Voices of reason – the conversation

Katy Sherratt

Katy Sherratt leads Back on My Feet as Chief Executive Officer. An award-winning social innovation leader, Katy has been instrumental in increasing Back on My Feet’s programmatic impact by over 75% and introduced new and important measures to demonstrate the holistic impact of the program. Under her tenure, Back on My Feet has gone from early stage startup to sustainable organization and is now a leader in the homelessness services space nationwide. Funding has increased by over 50% thanks to the growth of existing, and cultivation of new, partnerships and fundraising streams and the geographic expansion of operations along the East and West coasts.

Katy has been recognized across multiple media and news outlets including by The Economist’s Philanthrocapitalism program as a leader in social innovation and cutting edge non-profit management. In 2016 she was also named among Women’s Running Magazine’s “Top 20 Gamechangers” and most recently a winner at the Philadelphia Social Innovation Awards.

Katy brings over 15 years of leadership experience across both the for-profit and nonprofit sectors.
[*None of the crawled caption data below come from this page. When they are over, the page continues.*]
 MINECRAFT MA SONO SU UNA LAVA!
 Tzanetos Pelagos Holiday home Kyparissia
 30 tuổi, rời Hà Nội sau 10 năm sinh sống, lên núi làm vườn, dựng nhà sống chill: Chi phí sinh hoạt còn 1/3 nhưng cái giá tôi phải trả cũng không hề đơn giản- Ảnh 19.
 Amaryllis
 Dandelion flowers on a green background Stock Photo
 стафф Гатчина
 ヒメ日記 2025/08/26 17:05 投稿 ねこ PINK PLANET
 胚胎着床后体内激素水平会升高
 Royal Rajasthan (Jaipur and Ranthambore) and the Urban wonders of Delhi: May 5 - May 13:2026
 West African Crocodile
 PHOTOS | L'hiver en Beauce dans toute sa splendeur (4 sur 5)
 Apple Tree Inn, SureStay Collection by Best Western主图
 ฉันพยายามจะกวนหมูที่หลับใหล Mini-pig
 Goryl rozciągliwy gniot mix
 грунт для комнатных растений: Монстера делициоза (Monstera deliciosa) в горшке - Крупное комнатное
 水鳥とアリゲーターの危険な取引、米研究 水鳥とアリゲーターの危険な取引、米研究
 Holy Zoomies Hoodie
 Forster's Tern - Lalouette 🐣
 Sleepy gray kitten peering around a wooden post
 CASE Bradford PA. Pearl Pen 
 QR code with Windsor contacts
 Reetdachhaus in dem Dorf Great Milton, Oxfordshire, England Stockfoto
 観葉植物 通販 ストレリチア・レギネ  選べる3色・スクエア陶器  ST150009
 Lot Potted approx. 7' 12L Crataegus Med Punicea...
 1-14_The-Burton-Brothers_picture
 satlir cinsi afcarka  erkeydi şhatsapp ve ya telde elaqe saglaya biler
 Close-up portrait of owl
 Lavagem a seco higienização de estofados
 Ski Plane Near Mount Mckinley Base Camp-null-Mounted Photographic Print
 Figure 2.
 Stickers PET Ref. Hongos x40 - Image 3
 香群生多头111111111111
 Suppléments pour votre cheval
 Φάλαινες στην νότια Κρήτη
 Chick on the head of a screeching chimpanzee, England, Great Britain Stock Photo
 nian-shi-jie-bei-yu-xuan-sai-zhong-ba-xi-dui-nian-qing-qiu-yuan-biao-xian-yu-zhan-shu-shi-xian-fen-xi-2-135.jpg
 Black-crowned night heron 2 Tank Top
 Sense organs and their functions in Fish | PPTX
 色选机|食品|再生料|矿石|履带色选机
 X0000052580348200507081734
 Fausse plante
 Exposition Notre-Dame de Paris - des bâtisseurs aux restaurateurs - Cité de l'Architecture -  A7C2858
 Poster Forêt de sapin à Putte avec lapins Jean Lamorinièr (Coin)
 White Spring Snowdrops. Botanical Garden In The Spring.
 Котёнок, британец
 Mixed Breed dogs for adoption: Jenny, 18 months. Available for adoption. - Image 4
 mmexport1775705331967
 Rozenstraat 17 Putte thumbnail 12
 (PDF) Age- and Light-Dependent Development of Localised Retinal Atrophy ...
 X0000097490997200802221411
Prior to joining Back on My Feet, Katy led global projects for Accenture in their UK and US-based Strategy Practices working with corporate clients, NGOs and nonprofits with clients ranging from leading Financial Institutions to the United Nations. “I’m honored to lead such a unique, dynamic and growing organization,” said Katy. “You don’t have to be a marathoner or even a 5K runner, to feel the power of what we do on the morning runs – the community we build for individuals experiencing homelessness is the critical missing link and the reason why we’ve had such huge success in enabling our members to transition out of homelessness and maintain that transition.”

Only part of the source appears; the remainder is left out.